A year before Weber’s book, in 1904, the Qing dynasty government in China issued the “Concise Regulations for Chambers of Commerce.” This new law permitted merchants to form their own organizations outside of government administration.
Merchants had long been discriminated against in China, meaning the 1904 directive was of particular significance in the history of Chinese commerce — it implied that merchants had gained public political recognition as an independent social stratum.
Encouraged by the government, chambers of commerce sprang up all over China in the years after 1904. They were established in provincial capitals and other thriving commercial areas.
These chambers of commerce even partially assumed the function of economic management, previously exclusive to the government. The formation of chambers of commerce in every province, city, and town gathered together the strength of the business community and made it a significant public force.
It would have seemed to an outside observer that China’s business community in 1904 was not lagging behind the rest of the world in terms of organizational independence and growth. Unfortunately, this state of affairs would ultimately be stifled in the tide of violent revolutions that afflicted the country throughout the 20th century.
The rise of New Confucianism in the 1980s saw scholars of Chinese ancestry — like Yu Ying-shih and Tu Weiming — resolve to find an alternative route in the Weberian-dominated battleground of business ethics by attempting to establish a point of congruence between the millennia-old Confucian ethical tradition and the modern spirit of industry and commerce in China. But if their reasoning is sound, then why does the process of modernization in China continue to prove so arduous?
I believe the answer is twofold. The first reason is that the masters of Confucian tradition — which has traditionally dominated Chinese political thought in the way that Weber argued Protestant ethics had dominated modern Western politics — have always held contempt for economic activity. Confucius and Mencius offered little elaboration on the topics of industry and commerce. Following the adoption of a state policy of exclusive reverence for Confucianism in the 2nd century B.C., generations of Confucians went by with few innovations in economic policy.
The second has to do with China as a unified polity. Following the unification of China in 221 B.C., an elaborate Chinese model of administration and economic governance experience formed over generations of centralized imperial rule. This was accompanied by the appearance of a rather idiosyncratic waxing-and-waning commercial culture.
Whenever a new centralized government took power, it would spawn an autocracy and previously established organs of industry and commerce would suffer. The rise, decline, and supersession of the multitudinous Chinese dynasties made industry and commerce their casualties time and time again.
Thus, no independent system for commercial operations ever existed under China’s specific regime model.
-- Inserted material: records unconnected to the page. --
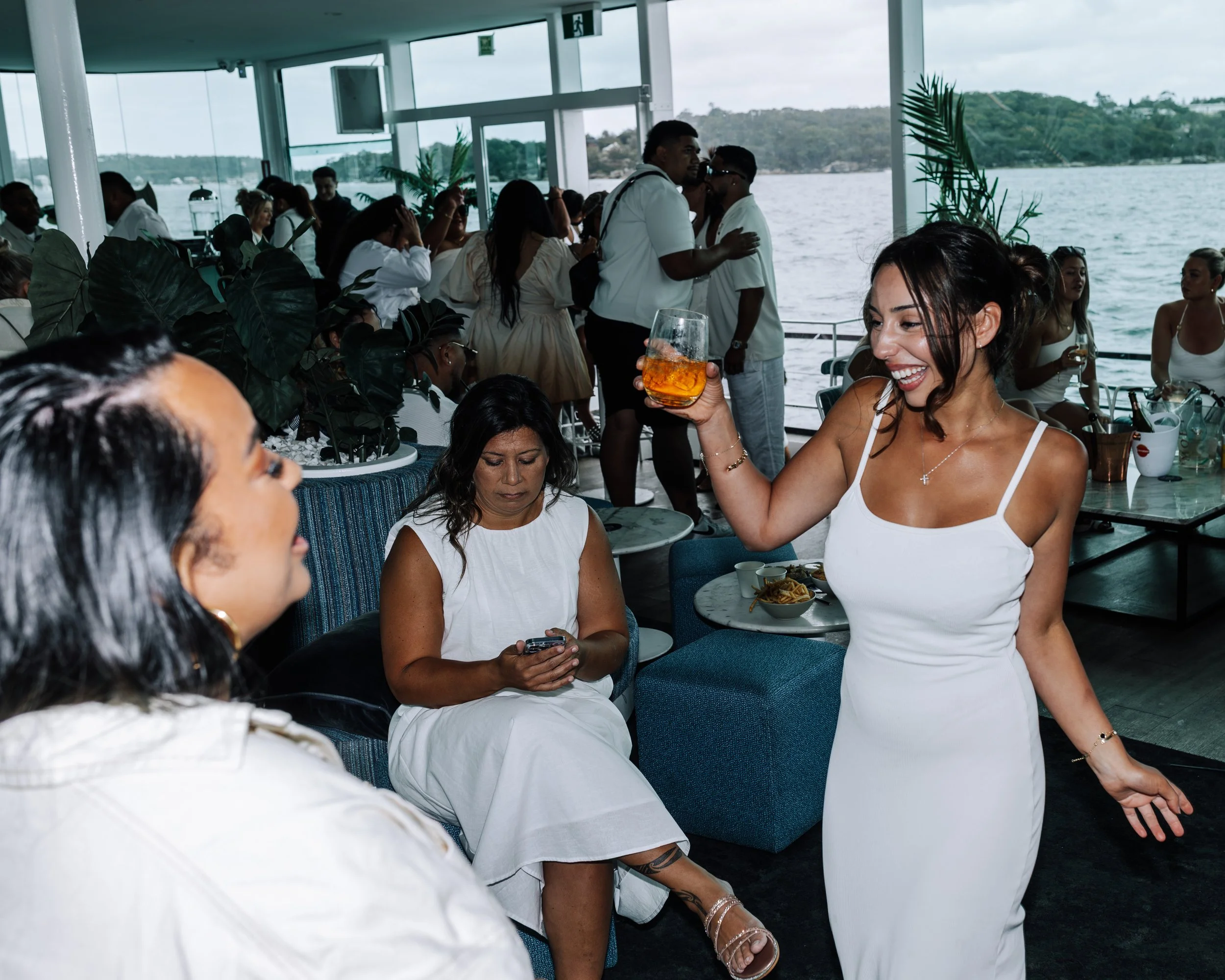 TLL x Glass Island-128.jpg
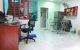 thum-8206887_KNrazQXEHi_1635473741.jpg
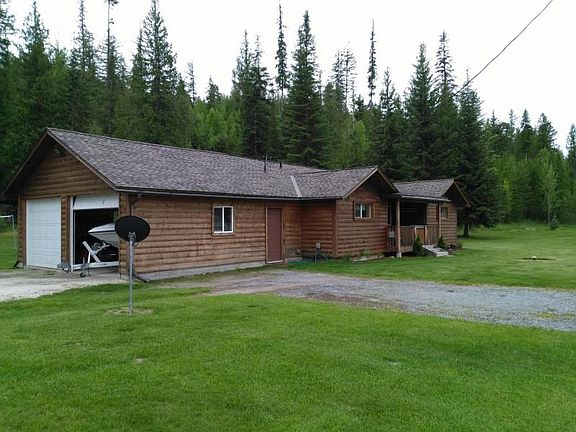 2nd image of 17832 Highway 31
When Chinese commercial culture finally gained exposure, the mercantile stratum was, regretfully, unable to establish a new and independent model of business ethics, leaving the entrepreneurial stratum with a feeble sense of its own identity.
Since ancient times, people in China involved in business have been treated with disdain not only by rulers and intellectuals, but have themselves harbored a degree of contempt for their trade. In “The Cambridge History of China,” John K. Fairbank, a China historian, said that the dream of the Chinese businessman was for his sons and grandsons to no longer be businessmen.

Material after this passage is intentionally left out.